Which political manifesto can we take to the bank in August?

Kenyans queue to cast their votes in the 2017 General Election. [File, Standard]

An American detective television series known as Baretta aired on ABC from 1975, popularised the phrase “take it to the bank.” The phrase refers to a promise whose reliability is so guaranteed that it can be equated to money safely locked away in a bank.

The big question Kenyans are asking about a month away to the elections is, “can we take the manifestos the presidential candidates have launched, to the bank? Are they that reliable?”

Let’s briefly review highlights from two alliance parties’ manifestos. Azimio’s ten-point agenda kicked off by declaring that manufacturing was the engine for creation of wealth and employment. As such, it spotlighted Small and Medium Enterprise (SMEs), including jua kali sector, as drivers for the ‘made in Kenya’ initiative.

Similarly, the Kenya Kwanza’s vibrant seven-point agenda promised inclusive growth encompassing agriculture; MSME economy; housing and settlement; healthcare; digital superhighway, creative economy, environment and climate change.

An objective reading of both manifestos will leave one impressed by the amount of work that went into preparing them. I sincerely congratulate experts from both sides for meticulously assembling these promises and making sound arguments about them. Without a doubt, most valuable time and sleepless nights were invested into the development of these manifestos. I was thrilled to discover that most of the issues that I have discussed in the past through this column were included in the manifestos. That said, the question I posed earlier must be repeated – can these manifestos be taken to the bank? Can Kenyans trust the presidential candidates and their teams to deliver what they are promising?

On numerous occasions in the past, this trust has been betrayed. It is obvious that voter apathy is now prevalent among Kenyans. Last month, Independent Electoral and Boundaries Commission Chairman Wafula Chebukati revealed that only 39.84 per cent of youth aged 18-34 registered to vote. This represented a 5.27 per cent decline compared to 2017. If whoever wins on August 9th doesn’t keep the manifesto promises, this number will definitely decline even more in 2027. Ultimately, what happens in between elections is just as important as what happens during elections. From August 10th onwards as realism hits our leaders, Kenyans must hold the victors absolutely accountable.

According to the Office of the Registrar of Political Parties, there are 90 registered political parties in Kenya. These parties must be on the forefront of holding whichever party wins the elections fully accountable.

They must continuously organise their members in this effort.

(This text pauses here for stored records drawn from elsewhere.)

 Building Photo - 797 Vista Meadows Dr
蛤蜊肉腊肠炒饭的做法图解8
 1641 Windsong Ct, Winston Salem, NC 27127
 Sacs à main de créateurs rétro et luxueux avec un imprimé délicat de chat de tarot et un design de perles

Similarly, my humble prayer is that faith communities together with the 19 million Kenyans who are part of the country’s workforce, will marshal each other in holding the government accountable otherwise the manifestos will simply remain what my daughter refers to as believable lies. The Kamba community have a saying “undu kaambaa katekakwatye tiw’o kaambaa kakwatwa.” It translates to ‘the sound that (a bird) makes before it is captured is not the same sound it makes after it is apprehended.

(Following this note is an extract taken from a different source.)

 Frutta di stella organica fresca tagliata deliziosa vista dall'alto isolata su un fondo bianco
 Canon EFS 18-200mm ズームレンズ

As we enter the home stretch, the four presidential candidates will keep echoing promises enshrined in their manifestos. They will promise, cajole and entice the voters.

After elections, the reality of things on the ground can easily lead them to make different noises – give excuses, threaten, dismiss or simply ignore. If we the people, who are their bosses, will remain vigilant, then they will have no option but to keep their promises.

Still, the voters must make their final decision informed by the promises in the manifestos. Which manifesto can they take to the bank? In the final analysis, the manifesto that really matters is the one inscribed in the hearts of leaders and citizens for God’s glory. Think green, act green!